What a look he gave me, yet he laughed irresistibly.

“However,” I continued, “I have been putting my expectations from your speech to a kind of test.”

“And how, for heaven’s sake?”

“Why, I have been reading—running over, rather—a set of speeches, in which almost the whole House made a part, upon the India bill; and in looking over those I saw not one that had not in it something positively and pointedly personal, except Mr. Windham’s.”

“O, that was a mere accident.”

“But it was just the accident I expected from Mr. Windham. I do not mean that there was invective in all the others, for in some there was panegyric—plenty! but that panegyric was always so directed as to convey more of severe censure to one party than of real praise to the other. Yours was all to the business, and hence I infer you will deal just so by Mr. Hastings.”

“I believe,” cried he, looking at me very sharp, “you only want to praise me down. You know what it is to skate a man down?”

“No, indeed.”

“Why, to skate a man down is a very favourite diversion among a certain race Of wags.
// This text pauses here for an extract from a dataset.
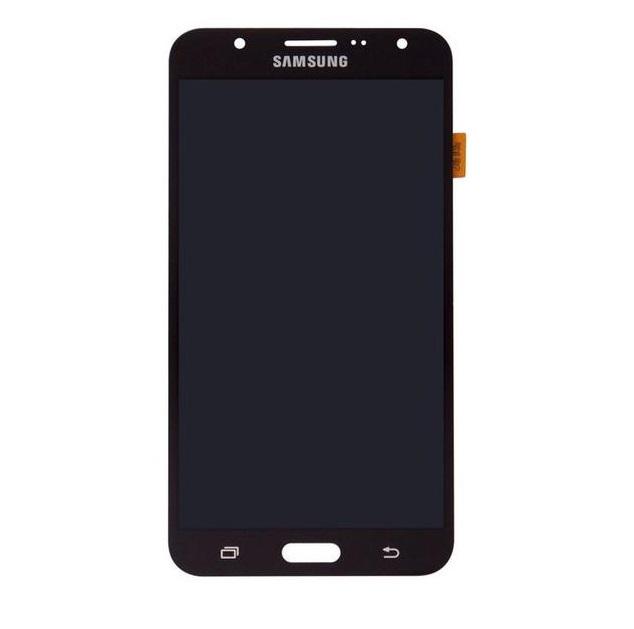 Дисплейный модуль Liquid Crystal Display/Touchscreen для Samsung J700F/DS Galaxy J7/J700H/DS Galaxy J7/J700M/DS Galaxy J7 AMOLed Черный (000016988)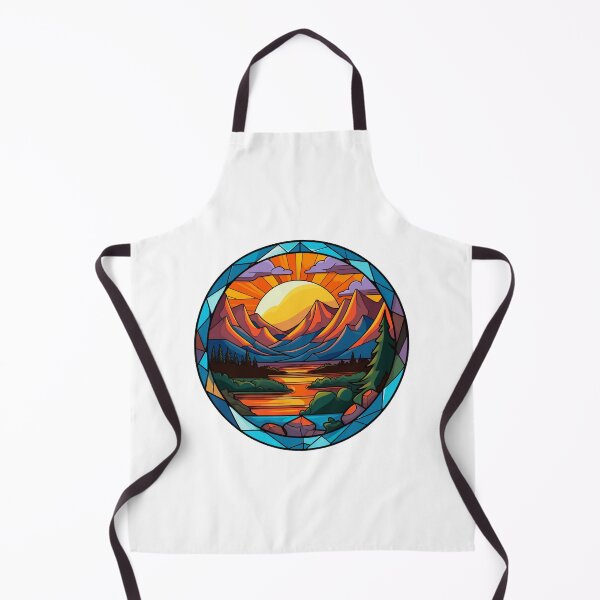 Item preview, Hiking Sunset Outdoor Adventure, Tranquil Nature, Sunset Landscape, Hiking Memories designed and sold by DuckworthRoad.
It is only to praise, and extol, and stimulate him to double and treble exertion and effort, till, in order to show his desert of such panegyric, the poor dupe makes so many turnings and windings, and describes circle after circle with such hazardous dexterity, that, at last, down he drops in the midst of his flourishes, to his own eternal disgrace, and their entire content.”

I gave myself no vindication from this charge but a laugh; and we returned to discuss speeches and speakers, and I expressed again my extreme repugnance against all personality in these public harangues, except in simply stating facts. “What say you, then,” cried he, “to Pitt?” He then repeated a warm and animated praise of his powers and his eloquence, but finished with this censure: “He takes not,” cried he, “the grand path suited to his post as prime minister, for he is personal beyond all men; pointed, sarcastic, cutting; and it is in him peculiarly unbecoming. The minister should be always conciliating; the attack, the probe, the invective, belong to the assailant.” Then he instanced Lord North, and said much more on these political matters and maxims than I can possibly write, or could at the time do more than hear; for, as I told him, I not only am no politician, but have no ambition to become one, thinking it by no means a female business.